EXERCISE MATERIAL ▸
========
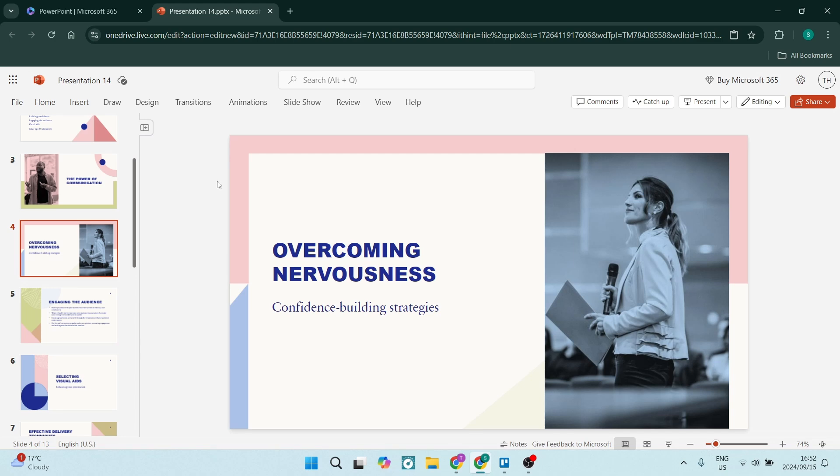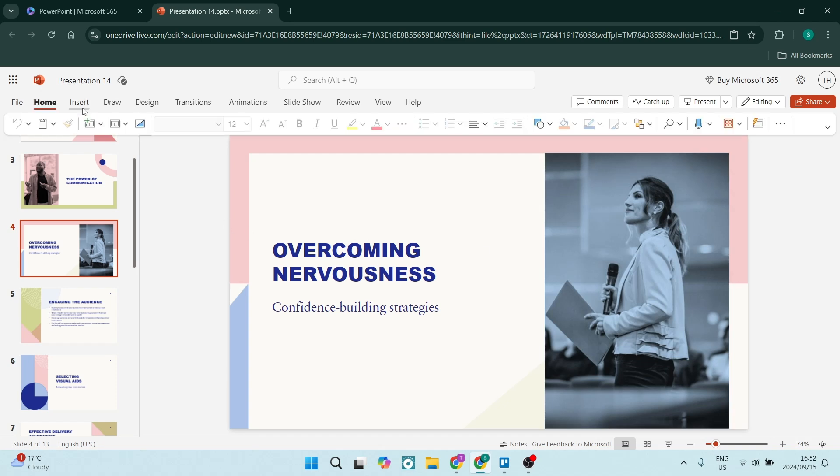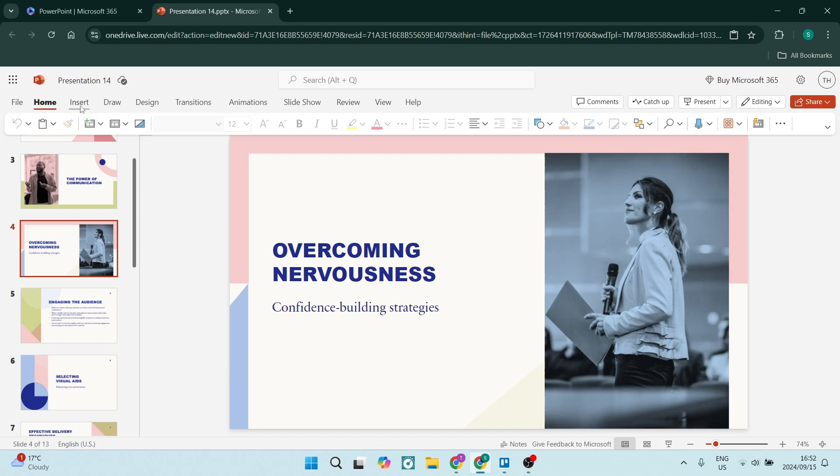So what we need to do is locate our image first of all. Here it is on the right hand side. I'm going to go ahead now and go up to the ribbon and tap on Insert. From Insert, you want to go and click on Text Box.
========
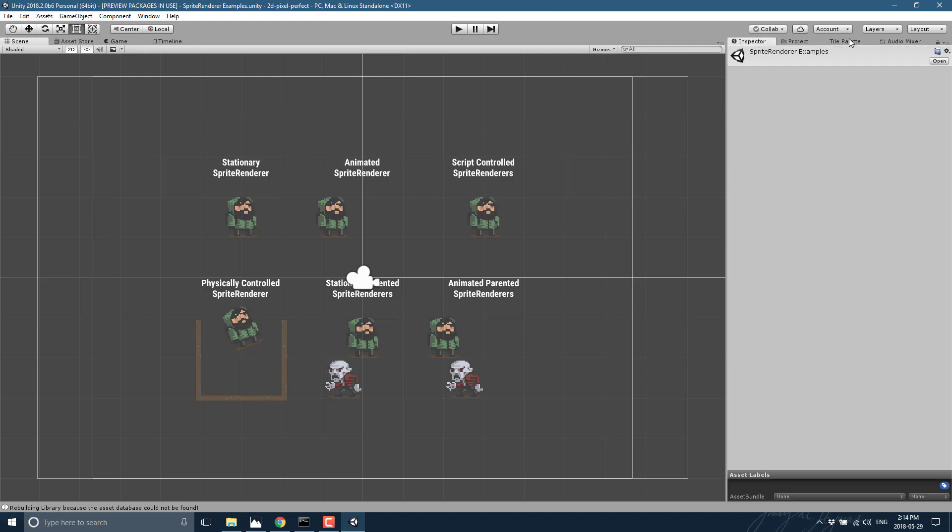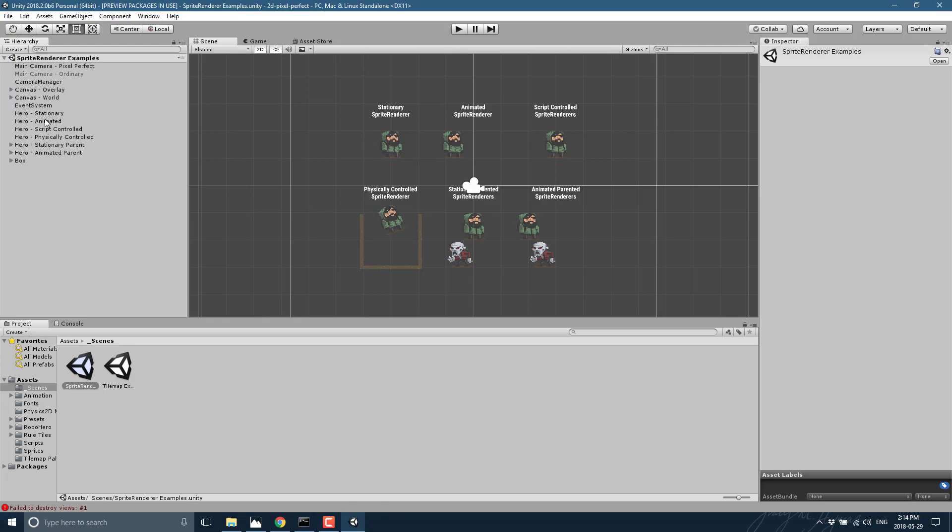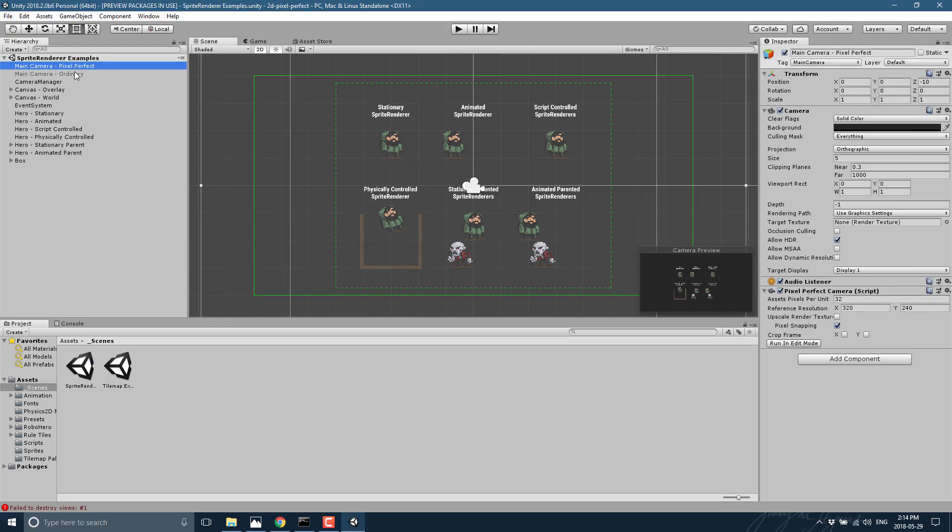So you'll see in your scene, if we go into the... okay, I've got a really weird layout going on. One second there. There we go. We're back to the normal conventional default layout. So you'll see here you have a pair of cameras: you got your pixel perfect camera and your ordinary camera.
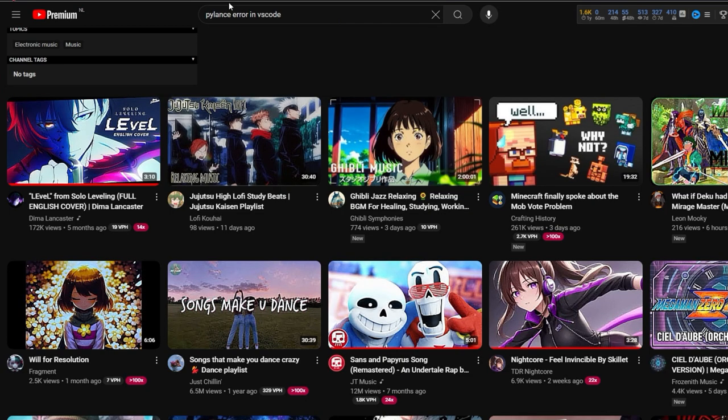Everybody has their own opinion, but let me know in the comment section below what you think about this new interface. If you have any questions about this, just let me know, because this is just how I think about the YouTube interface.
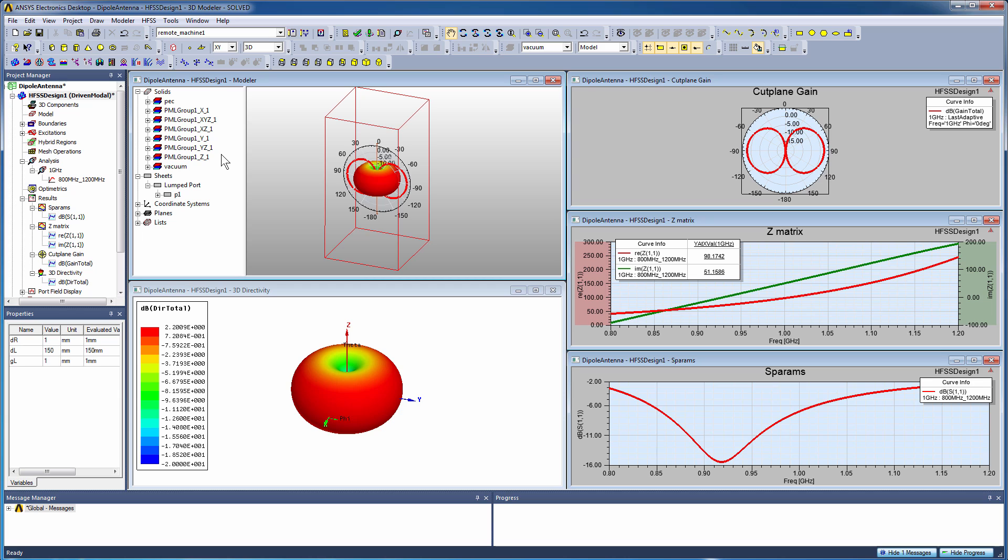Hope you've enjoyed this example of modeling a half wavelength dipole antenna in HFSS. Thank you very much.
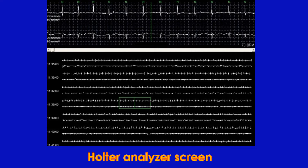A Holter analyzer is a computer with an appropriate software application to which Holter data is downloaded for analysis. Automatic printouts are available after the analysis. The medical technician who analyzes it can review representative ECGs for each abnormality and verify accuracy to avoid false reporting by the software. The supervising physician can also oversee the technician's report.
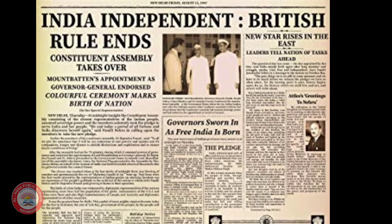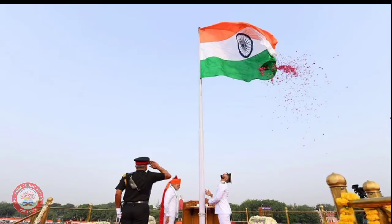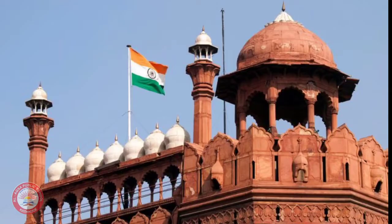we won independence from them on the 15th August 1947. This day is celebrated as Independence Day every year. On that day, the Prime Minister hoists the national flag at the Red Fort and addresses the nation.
========
WORK REQUEST ▸ Keep to the lines above from the line with "Everybody has their" to the line with "we won independence", and set down exactly those, inclusive, with nothing else and every picture left out.

SOLUTION FOR THIS TASK ▸
Everybody has their own opinion, but let me know in the comment section below what you think about this new interface. If you have any questions about this, just let me know, because this is just how I think about the YouTube interface.
Hope you've enjoyed this example of modeling a half wavelength dipole antenna in HFSS. Thank you very much.
A Holter analyzer is a computer with an appropriate software application to which Holter data is downloaded for analysis. Automatic printouts are available after the analysis. The medical technician who analyzes it can review representative ECGs for each abnormality and verify accuracy to avoid false reporting by the software. The supervising physician can also oversee the technician's report.
we won independence from them on the 15th August 1947. This day is celebrated as Independence Day every year. On that day, the Prime Minister hoists the national flag at the Red Fort and addresses the nation.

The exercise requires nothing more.